Under Warburg’s ownership, Poundland has enjoyed an annual compound annual growth rate of 17 percent. Revenues grew to £880.5 million in the 2013 financial year from £641.5 million in 2011. In September 2011, Warburg supported the company’s entry into the Irish market with the launch of Dealz, where Poundland sells the majority of its products for €1.49, compared to £1 in the UK.
“The value retail sector has been through a period of profound change in scale, customer perception and financial performance. The sector is now a mainstream feature of the UK retail market and Poundland has been a central architect of that change,” Jim McCarthy, CEO of Poundland, said in the statement.
The business has also bolstered its board of directors by appointing a few retail veterans.

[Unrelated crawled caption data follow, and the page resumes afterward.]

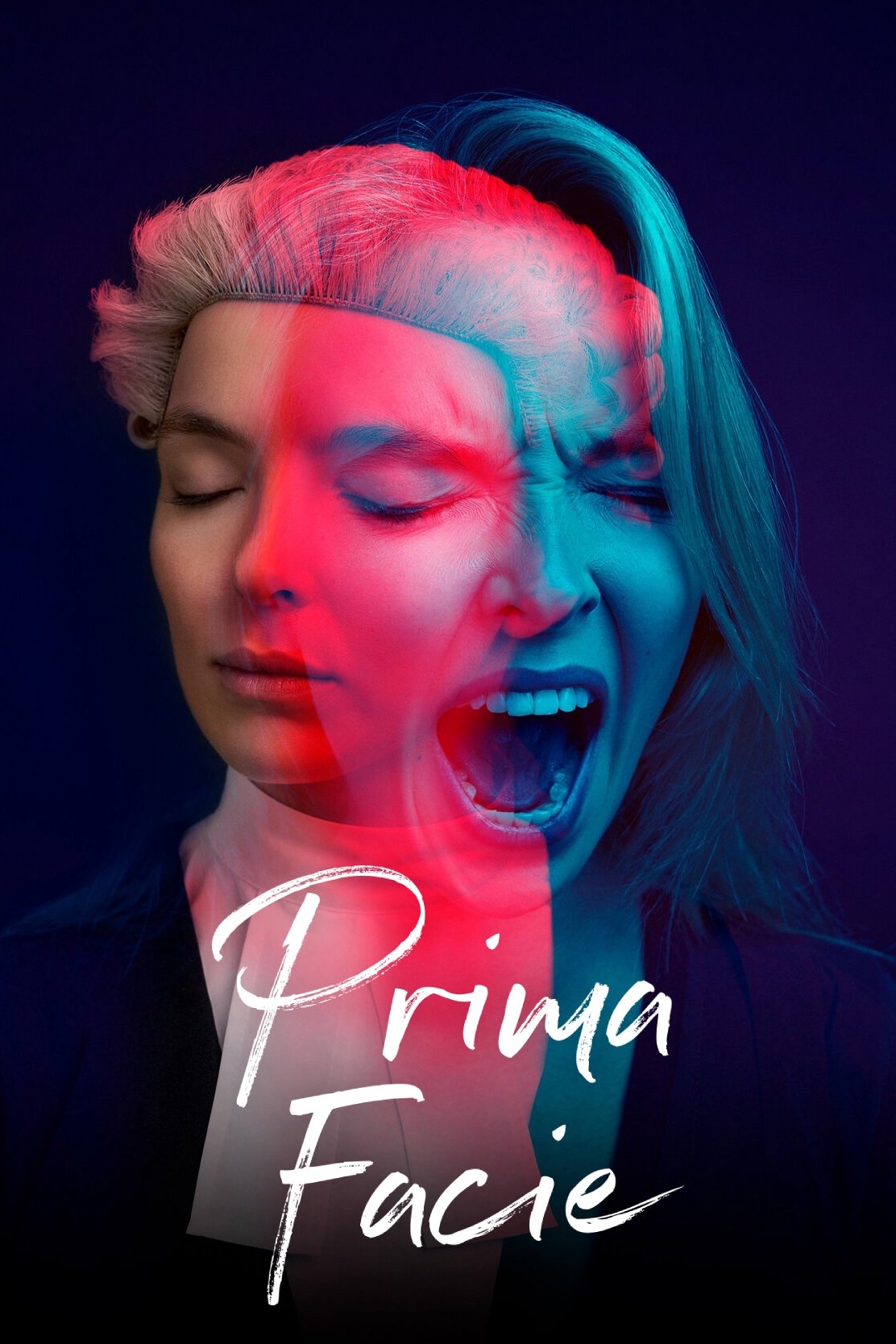 National Theatre Live: Prima Facie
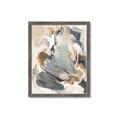 Picture of Blush Dash _GroupedProduct_Rectangle_Portrait_Framed_Matted_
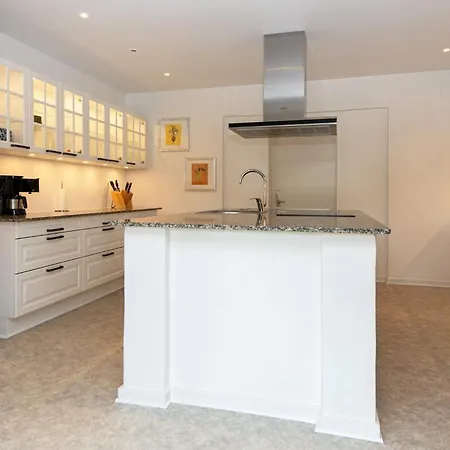 Luxury Retreat By Asbolholm - By Traum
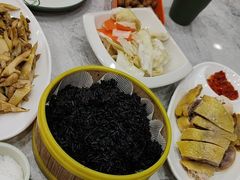 -紫藤园·天目湖大鱼头(南山竹海店)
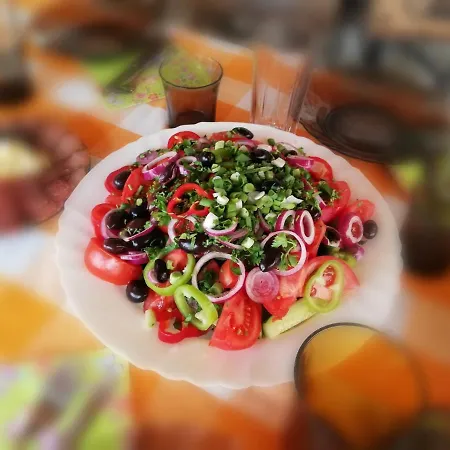 чичарите גברובו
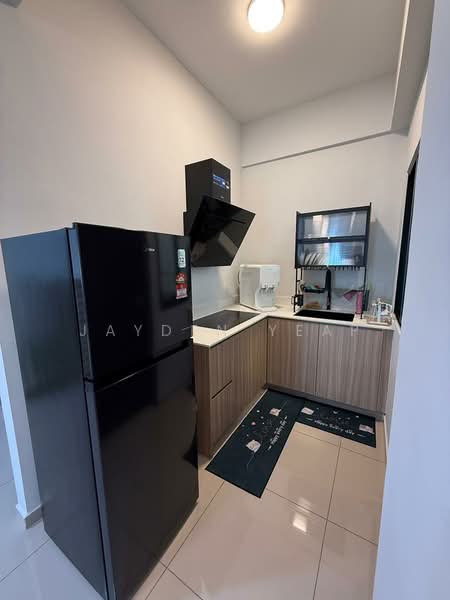 Servis Apartment untuk Disewa di MARC Residences - Jayden Yeap - Kitchen - PropertyGuru.com.my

They include Tea Colaianni, group human resources director at Merlin Entertainments, the entertainment group that The Blackstone Group partially exited last year in a £.3.2 billion IPO – the largest sponsor-backed IPO in Europe in 2013, according to CMBOR.
ISS FINALLY EYES EXIT
Completing the trio is ISS, a Danish facility services company owned by EQT Partners and Goldman Sachs Capital Partners, which also announced plans to go public – this time on the NASDAQ OMX Copenhagen stock exchange.
The IPO, in which Goldman and EQT will sell down part of their stakes in the business, is expected to raise proceeds of approximately DKK 8 billion (€1.07 billion, $1.47 billion), according to a ISS statement.
Ontario Teachers’ Pension Plan and KIRKBI Invest, the family office behind the LEGO toy brand, which also own part of the business, do not plan to sell any shares in connection with the IPO, ISS said.
The IPO will be a relief for EQT Partners and Goldman, who bought ISS for around €3.1 billion in 2005 and have been trying to exit the business for some time. The firms first considered an IPO in 2007, but cancelled this due to turmoil in the financial markets. They almost sold it to Apax Partners in 2011 for $8.5 billion, but that deal collapsed. Then in 2012, a proposed £5.2 billion (€6.8 billion, $8.1 billion) sale to trade player G4S failed following opposition from G4S’s shareholders. EQT and Goldman have since sold a minority stake in the business to OTTP and KIRKBI.
The recent listings are a further sign of the revival of the European IPO market. In 2013, the value of IPO exits reached a record €25 billion from 20 IPOs, up from just one IPO of €3.7 billion in 2012, according to CMBOR.